DavidNutzuki More than 1 year ago
The issue is; are the scientists lying yes or no, therefore science needs to be crystal clear about this comet hit of an emergency. Nothing could be worse so why won’t they say it “will” happen, not just “might” happen? 26 years of science saying it “could” happen, and never saying it “will” happen, is as good as saying it “won’t” happen. It wasn’t a lie or a hoax, it was an exaggeration and it was the world of “science” after all that gave us pesticides, yes the pesticides that poisoned the planet in the first place and made stewardship all but necessary. Not one single IPCC warning isn’t qualified with “could be” or “likely” etc., not one! So when “science” ALSO says we “could” be approaching the point of no return it all but proves scientific exaggeration. It was real all right, really not a crisis. It was a lab coat consultant’s wet dream. Lazy copy and paste news editors loved it and politicians stepped in and promised to fix the sky, with the sacrifice of our taxes. What century was this? There are dozens of climate change protestors yet millions in the global scientific community who have condemned their own kids as well as ours so why are they not acting like it’s a real crisis? The overwhelming evidence shows clearly that scientific exaggeration, media madness and political pandering were the order of the day and sadly are just Reefer Madness like jokes for the history books; “I see the signs.” “I see the changes.” “We cannot deny the changes.” How many scientists does it take to change a light bulb? None but they do have full consensus that it will change. It’s their theory, it’s been 26 years of “maybes” and the lab coats must prove it before we condemn our children to the greenhouse gas ovens of a global climate crisis.
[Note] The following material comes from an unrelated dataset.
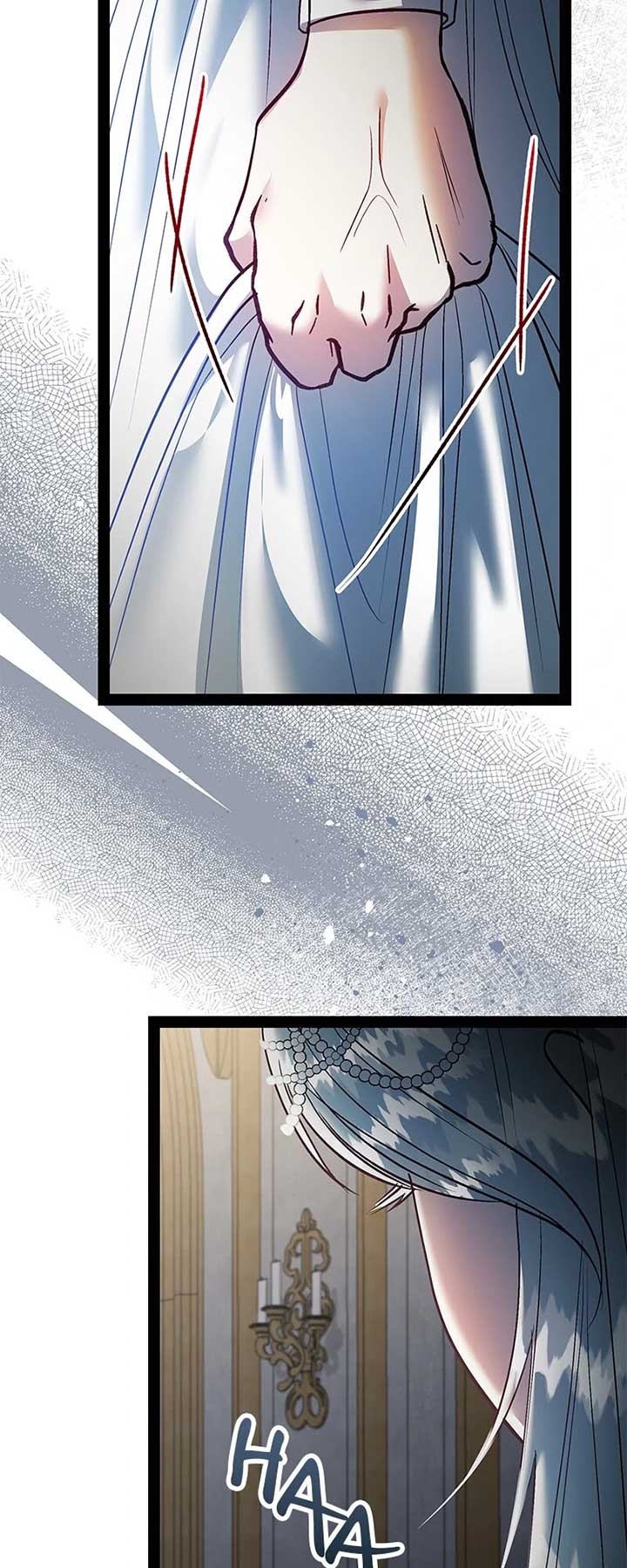 ch 37 13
So ask yourself; just how close to the brink will science take us before they clearly and honestly say; “Yes it will happen.”? REAL planet lovers didn't want this misery to have been real.
Dude More than 1 year ago
Take a breath, guy. The scientists are telling you that warming has been happening, is happening, and will continue to happen. Don't talk about "overwhelming evidence" when you are deliberately ignoring the evidence. It's not even controversial. There isn't a raging debate about whether warming is happening. The people who look at the evidence are persuaded nine ways to sunday. There is actual data from thermometers, there's the physics of greenhouse gasses which is well-understood, there are computer models, satellite data, changes in ecology, ice core records. It's not a debate. I know of a PhD geophysicist who believes the earth is 8000 years old. That doesn't mean that there is scientific debate over how old the earth is. It's not controversial, but you won't find scientists saying exactly how old the earth is. Are they lying about something? Nobody wants global warming to be real. You could be a hero among scientists for centuries, if you could somehow explain away climate change. People have tried. It's not going away. The arguments you hear on the one news channel you listen to are cooked and skewed. Oil companies have paid good money to buy those talking points.
Richard Misior More than 1 year ago
You read the wrong wrong info. Try to read Roy Spencer's “The Great Global Warming Blunder". Very rery interesting.
Dude More than 1 year ago
... what's interesting about this article is that someone is finally tying population growth into the picture. I guess Fox News hasn't come up with talking points about that one,yet, or you'd have added them to your blather.